The whale comes and goes from our field of vision as we paddle toward the island where we plan to camp. Rain continues to fall from low clouds that seem to collapses over the green hills lining the shore. At first only golden seaweed lining the shore break the monopoly of grey and green. Then we begin to pass islands of rock worn into provocative shapes like castles and mansions. We stop near one, now stranded from the water by the low tide and eat a sad lunch of dry bread and peanut butter that is soon covered by a film of tiny biting midges (no-seemuns).

When spirits flagged a sea creature appears to lighten the mood. Often it is our new friend, the humpback whale swimming along for a bit before diving. Sometimes a pair of Dahl Porpoise streak past us while chasing down homeward bound salmon. The whale puts on a great show just before we reached our island goal. Over and over it throws itself from the water and sends up great splashes on each side of its body as it crashes back into the sea. We began to worry that it might inadvertently crush us with one his exuberant displays.  It returns beneath the sea as we round the island and pull out at a suitable spot on its back side.

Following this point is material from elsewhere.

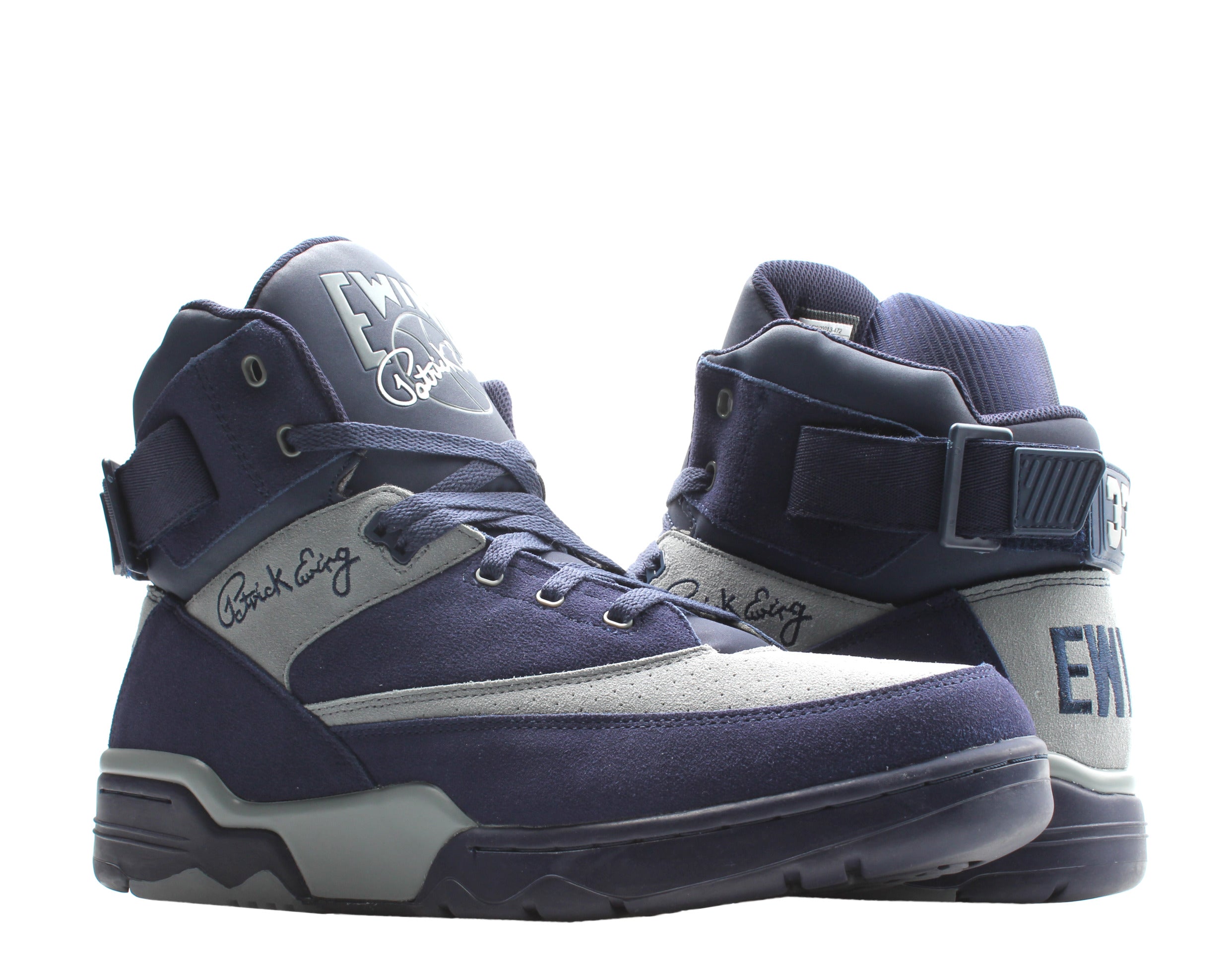 Баскетбольные кроссовки Ewing Athletics 33 Hi Georgetown Navy/Grey мужские 1EW90013-472
Баскетбольные кроссовки Ewing Athletics 33 Hi Georgetown Navy/Grey мужские 1EW90013-472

Here no bugs bother us while we set up the tent, cook dinner, and use ropes to suspend the food bags from tree branches to keep them from the reach from the local brown bears. (grizzlies). The rain continues but so do chances to watch animals. Porpoise and the whale hunt for food within 50 meters of camp. Beyond them the waters of Port Frederick offer us passage to the portage where we will have to carry boat and gear over land to a beach on Tenakee Inlet. But that challenge is days away so we settle onto comfortable rocks on the beach to drink after dinner tea and watch the whale roll on his back just off shore. 

Somewhere the Sun Shines on the Unworthy

Somewhere the sun shines down on the unworthy — those so spoiled by a warm rich summer that they take blue skies and light for granted.  That place may be just over the border in Canada. Even trough my rain spotted glasses I can see a patch of pure blue North above the Juneau ice field.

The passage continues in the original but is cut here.